DSP, Plugin and Host development discussion.
RELATED
PRODUCTS

Post

JCJR wrote:Just sayin, if an encoder has trouble with noisy high freqs (such as drums, cymbals, hand perc), or with transients in general, then one might suppose that we could make it easiest on the encoder to pre-filter out noisy high freqs and to minimize the transients? Of course such pre-processing would make many kinds of music sound worse before we even feed it to the codec, but it might help prevent the codec encoding chirpies, transient distortions, and other ear-annoying artifacts? On the theory that clean lowfi might be a more pleasant listen than nasty lowfi! :)
This sounds exactly like what I'd been thinking. I was unable to describe it as you did, but that is what I'm after.

Is this something that can be done? Or is this equally as difficult due to the aforementioned hurdles in this thread?

Is what JCJR suggesting doable?

Post

PurpleSunray wrote: 1) Understand how the encoder processes the signal. That's the psychoacoustic modell.
For mp3 or aac you can find it on internet, for WMA you can not.
Thanks. When I was working on it long ago I never saw descriptions about how WMA works but didn't know if such info had become available since.

As best I recall I used WMA 9.x sdk. Two-pass encode was part of the spec. Maybe remembering wrong, but think that two-pass encode might not always have been available depending on encode settings, and the availability was discoverable by querying the codec after instantiating the directx filter graph, and before pumping data thru it. It could be wrong recollection. At worse case could look up the old code but I don't need to know that bad. :)

Didn't pay much attention to low bitrates except to make sure they would work.

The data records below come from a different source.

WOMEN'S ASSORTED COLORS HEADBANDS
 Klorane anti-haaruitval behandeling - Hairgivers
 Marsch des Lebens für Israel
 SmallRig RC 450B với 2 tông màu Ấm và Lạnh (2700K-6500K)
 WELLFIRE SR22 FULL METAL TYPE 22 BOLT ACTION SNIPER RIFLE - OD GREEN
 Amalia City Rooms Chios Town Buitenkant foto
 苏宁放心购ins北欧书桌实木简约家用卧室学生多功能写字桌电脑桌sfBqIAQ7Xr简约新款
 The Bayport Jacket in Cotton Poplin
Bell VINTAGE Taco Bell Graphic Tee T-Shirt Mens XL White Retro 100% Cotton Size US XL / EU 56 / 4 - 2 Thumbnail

For my company's purposes, WMA advantages included--

_1_ Fairly good fidelity vs file size
_2_ Fast decode and it was possible to do it "in-memory" without taking months of study and brain damage to figure out how to write the code.
_3_ Excellent seek accuracy and good seek speed. We were making on-the-fly auto-assembled composite tracks by seeking into lots of WMAs and perhaps only decoding a few seconds of each one, at specific locations, then optionally pitch and time stretching all the little pieces. Inaccurate seek location (or slow seek within the compressed streams) were deal-breakers.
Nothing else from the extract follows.